Thursday, January 21, 2021
* noted as presenting author
Mary Bunn, PhD, Research Scientist, University of Illinois at Chicago, Chicago, IL
Gina Samuels, PhD, Associate Professor, University of Chicago, Chicago, IL
Background and Purpose

Approximately 6.3 million Syrian men, women and children have fled their homes to neighboring countries in the Middle East since the war began in 2011. In addition to explicit risks to safety and mental and physical health, living under conditions of war and political terror breeds fear and mistrust and can have a deeply polluting effect on intimate ties, community relationships and the broader social fabric. Forced migration often contributes to new social-relational losses by separating families, changing family roles and disrupting connection to community. Although social relationships are considered key to combating the effects of trauma post-conflict and vital for long-term adaptation, understanding the social-relational consequences of war and forced displacement remain significant gaps in social work research and practice. The purpose of this study was to examine the impact of war and forced migration on the social relationships of Syrian refugees in Jordan, including the nature and meanings that Syrian men and women attributed to such experiences.


This constructivist-interpretive study used a purposeful sampling approach focused on interviewing Syrian men and women who were living in urban areas in Jordan. A multiphase approach to analysis was employed, beginning with open-coding and the development of descriptive categories. Later phases pursued conceptual analyses using ambiguous loss as a sensitizing concept, a grounded theory analytic technique. Ambiguous losses are losses that remain unclear and lack clear boundaries, have limited social acknowledgement or rituals to mourn. The analysis also drew on a related concept of ambiguous loss of home where home is defined as a social-relational experience, intertwined with culture, a sense of place, definitions and expectations surrounding the self, roles and relationships.


The resulting model describes social-relational losses including an eroding of Syrian men and women’s sense of social life and identity in ways that were inconsistent with their experiences of home. Three interrelated and increasingly invisible levels of loss were identified including 1.) the specific loss incident (uprooting from home/homeland); 2.) associated losses triggered by the loss event (relationships, social spaces, community ties); and 3.) remote and abstract losses (future possibilities, shared dreams, identity losses).
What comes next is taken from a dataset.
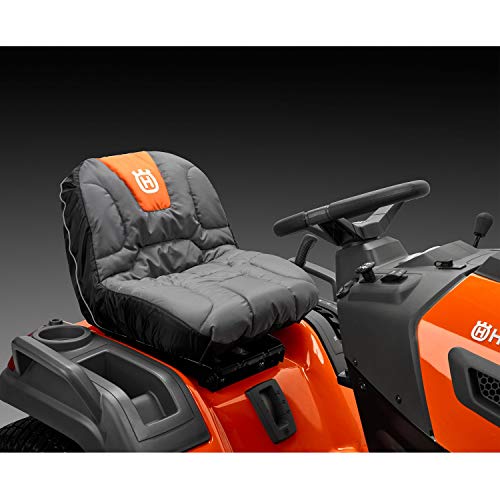 Husqvarna Lawn Tractor Seat Cover, Fits Up to 15 Inch High Seats, Durable, Water-Resistant Riding Lawn Mower Accessories, Orange/Grey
Conclusions and Implications

To date, research with refugees has predominantly focused on the ways in which mental health issues are tied to experiences during war and traumatic events. Findings from this study, however, highlight the more subtle social-relational losses of war and displacement. As such, the model offers an alternative, complimentary framework to understand the ongoing, less visible, multi-dimensional losses that are so common for refugees and which contribute to distress and hardship. The findings have implications for policy and practice including raising questions about how we develop interventions in ways that acknowledge such losses and help foster growth.